* [Task]:
Search the data below for the line containing "P&P CHEF Colander", then please set down that line and all remaining ones exactly as written.
· · · ·
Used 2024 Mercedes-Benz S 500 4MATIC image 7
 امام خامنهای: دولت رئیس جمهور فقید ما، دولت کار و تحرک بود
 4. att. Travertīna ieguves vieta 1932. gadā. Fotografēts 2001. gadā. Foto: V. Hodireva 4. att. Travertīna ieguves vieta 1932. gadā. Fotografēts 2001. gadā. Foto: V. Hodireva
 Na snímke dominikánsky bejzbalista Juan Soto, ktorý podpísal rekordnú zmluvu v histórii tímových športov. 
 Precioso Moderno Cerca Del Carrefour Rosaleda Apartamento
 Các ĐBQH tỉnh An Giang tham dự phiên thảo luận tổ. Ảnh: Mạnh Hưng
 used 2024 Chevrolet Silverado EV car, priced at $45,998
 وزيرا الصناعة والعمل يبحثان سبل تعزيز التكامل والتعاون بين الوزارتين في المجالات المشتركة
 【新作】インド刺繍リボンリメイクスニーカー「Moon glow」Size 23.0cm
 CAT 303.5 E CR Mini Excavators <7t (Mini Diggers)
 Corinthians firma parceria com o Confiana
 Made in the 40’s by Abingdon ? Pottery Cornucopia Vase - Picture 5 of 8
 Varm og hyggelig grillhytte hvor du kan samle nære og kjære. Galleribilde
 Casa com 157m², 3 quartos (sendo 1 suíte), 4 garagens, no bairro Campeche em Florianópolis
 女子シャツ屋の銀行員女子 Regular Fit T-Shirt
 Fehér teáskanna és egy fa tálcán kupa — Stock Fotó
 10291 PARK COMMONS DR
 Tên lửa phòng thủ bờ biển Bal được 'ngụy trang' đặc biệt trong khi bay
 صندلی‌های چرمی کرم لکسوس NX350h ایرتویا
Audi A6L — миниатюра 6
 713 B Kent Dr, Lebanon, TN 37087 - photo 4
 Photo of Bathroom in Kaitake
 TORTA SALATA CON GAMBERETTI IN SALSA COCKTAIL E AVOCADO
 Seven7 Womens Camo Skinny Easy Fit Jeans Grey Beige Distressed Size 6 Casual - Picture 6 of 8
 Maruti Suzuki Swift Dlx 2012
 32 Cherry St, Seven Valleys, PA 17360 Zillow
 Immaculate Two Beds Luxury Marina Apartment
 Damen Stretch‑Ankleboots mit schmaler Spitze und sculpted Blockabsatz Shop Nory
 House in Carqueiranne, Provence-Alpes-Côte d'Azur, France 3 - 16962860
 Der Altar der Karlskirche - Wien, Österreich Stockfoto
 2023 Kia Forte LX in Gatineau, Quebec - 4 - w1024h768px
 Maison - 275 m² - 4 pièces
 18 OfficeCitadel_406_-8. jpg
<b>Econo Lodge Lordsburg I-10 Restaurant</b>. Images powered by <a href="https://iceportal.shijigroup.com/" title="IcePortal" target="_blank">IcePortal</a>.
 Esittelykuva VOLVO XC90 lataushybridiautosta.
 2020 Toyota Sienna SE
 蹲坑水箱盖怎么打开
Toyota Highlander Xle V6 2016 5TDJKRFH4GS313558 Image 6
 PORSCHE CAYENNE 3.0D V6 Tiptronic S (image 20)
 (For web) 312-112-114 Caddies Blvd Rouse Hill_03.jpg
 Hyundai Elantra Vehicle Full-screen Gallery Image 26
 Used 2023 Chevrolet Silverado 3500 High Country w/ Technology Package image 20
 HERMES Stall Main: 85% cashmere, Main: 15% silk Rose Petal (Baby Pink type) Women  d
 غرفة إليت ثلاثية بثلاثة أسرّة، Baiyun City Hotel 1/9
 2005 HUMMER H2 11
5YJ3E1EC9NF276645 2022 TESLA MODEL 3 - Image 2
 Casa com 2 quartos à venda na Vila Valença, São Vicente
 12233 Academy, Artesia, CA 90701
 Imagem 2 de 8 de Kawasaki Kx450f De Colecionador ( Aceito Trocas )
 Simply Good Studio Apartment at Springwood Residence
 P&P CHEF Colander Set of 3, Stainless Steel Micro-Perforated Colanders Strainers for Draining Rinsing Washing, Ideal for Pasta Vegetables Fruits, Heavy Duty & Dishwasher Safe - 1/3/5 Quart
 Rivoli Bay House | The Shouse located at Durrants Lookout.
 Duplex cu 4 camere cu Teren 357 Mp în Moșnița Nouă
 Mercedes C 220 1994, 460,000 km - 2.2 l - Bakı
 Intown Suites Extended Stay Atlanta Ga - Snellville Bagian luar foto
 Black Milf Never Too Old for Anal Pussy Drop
· · · ·
* [Response to the exercise]:
 P&P CHEF Colander Set of 3, Stainless Steel Micro-Perforated Colanders Strainers for Draining Rinsing Washing, Ideal for Pasta Vegetables Fruits, Heavy Duty & Dishwasher Safe - 1/3/5 Quart
 Rivoli Bay House | The Shouse located at Durrants Lookout.
 Duplex cu 4 camere cu Teren 357 Mp în Moșnița Nouă
 Mercedes C 220 1994, 460,000 km - 2.2 l - Bakı
 Intown Suites Extended Stay Atlanta Ga - Snellville Bagian luar foto
 Black Milf Never Too Old for Anal Pussy Drop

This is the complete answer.